To drive this linear movement, again numerous known types of actuators can be considered, for example hydraulic cylinders, lifting magnets, threaded spindles, linear motors, toothed racks, piezo elements, etc. These can again be complemented by a damping element. In a variant of the embodiment just described, two actuators arranged in parallel can also be provided, as a result of which a linear guide of the corresponding load wheel can be dispensed with.

In order to be able to save installation space in the region of attachment of the at least one load wheel to the vehicle body, the at least one actuator and optionally the at least one damping element can be arranged at least in portions within the contour of the load wheel. In such an embodiment, for example, the wheel bearing can be pulled far outwards and form a connection between a wheel body and an inner ring. This inner ring accordingly forms a basis for the at least one actuator and a linear guide.

Possible embodiments in such variants include hydraulic lifting columns arranged in pairs to restrict the degrees of freedom, or also tangential wedges with linear drive units such as piezo elements, lifting magnets, or lifting cylinders. Since the forces to be absorbed in such embodiments are mainly limited to the vertical wheel load and the torques that occur have only very short lever arms, in addition to the compact design mentioned, an optimal absorption of forces and torques can also be achieved.

In such embodiments, a circular linear guide can be provided in particular in a wheel rim of the load wheel, to which linear guide a guide carriage is connected, wherein the at least one actuator and optionally the at least one damping element are arranged between the vehicle body and the guide carriage.

Alternatively, a circular linear guide could also be provided to which a guide carriage is connected, which in turn is associated with a lever element, wherein the lever element on the other hand is pivotably mounted on the vehicle body such that its pivot axle and the axis of rotation of the load wheel do not coincide, wherein the at least one actuator is configured to bring about a pivoting movement of the lever element.
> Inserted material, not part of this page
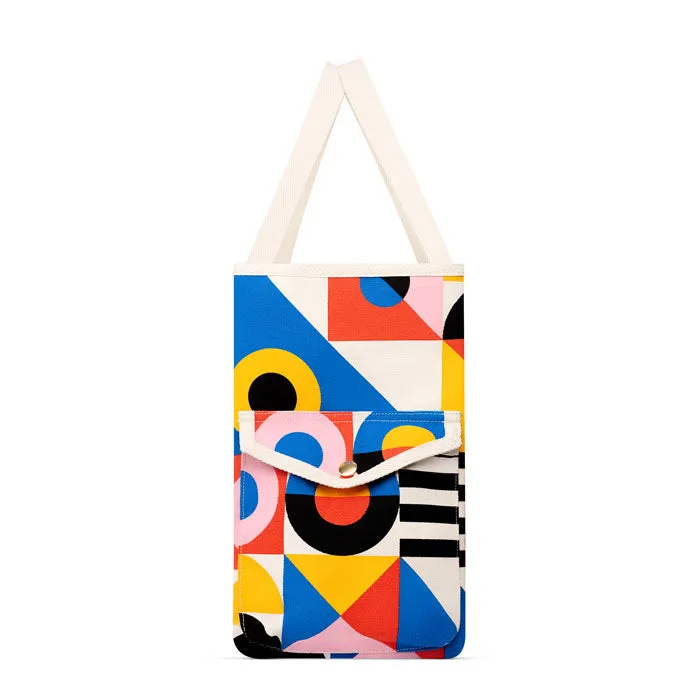 Beach Bag «Posterlad» von YKRA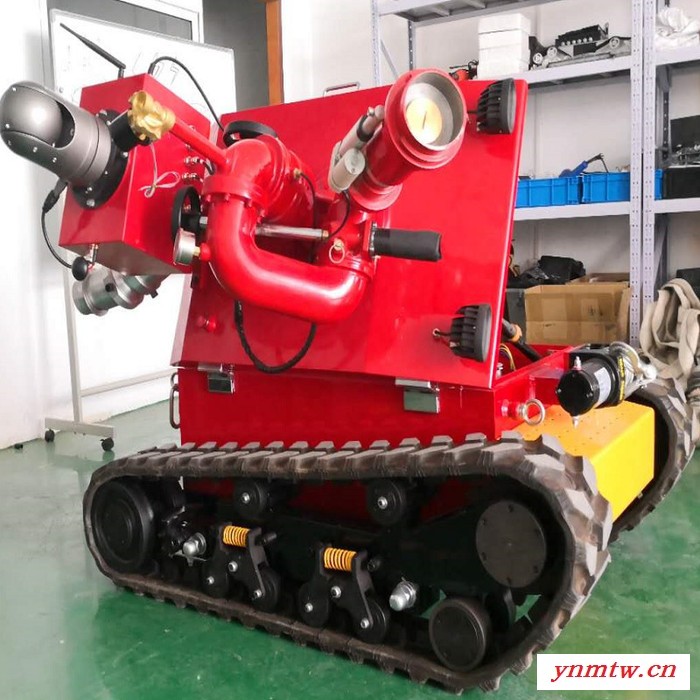 奔虎BHK-R-001 消防灭火机器人 履带式轮式消防机器人 巡检侦查破拆机器人 移动式智能小车 定制贴牌**图2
The embodiments of actuators and damping elements already discussed above can also be provided in these two variants.

Further features and advantages of the present invention will become clear from the following description of embodiments thereof when this is considered together with the accompanying drawings. In detail, in the drawings:

FIG. 1A-1D are schematic cross-sectional views of industrial trucks according to the invention with different variants of load axles;

FIG. 2 is an isometric view of the variant from FIG. 1C;

FIG. 3 is a schematic view of a further variant of a load axle in an industrial truck according to the invention;

FIG. 4A-4E are schematic cross sections through further embodiments of industrial trucks according to the invention with individually suspended load wheels and embodiments of such load wheels; and

FIG. 5 is a schematic representation of the functional components of an industrial truck according to the invention.

FIG. 1A to 1D initially are schematic cross-sectional views through variants of industrial trucks according to the invention in the region of their respective load wheel axles. In the following, identical or similar components of the individual embodiments are denoted by the same reference signs, each increased by a multiple of 10, and a detailed description thereof is partially dispensed with for reasons of readability.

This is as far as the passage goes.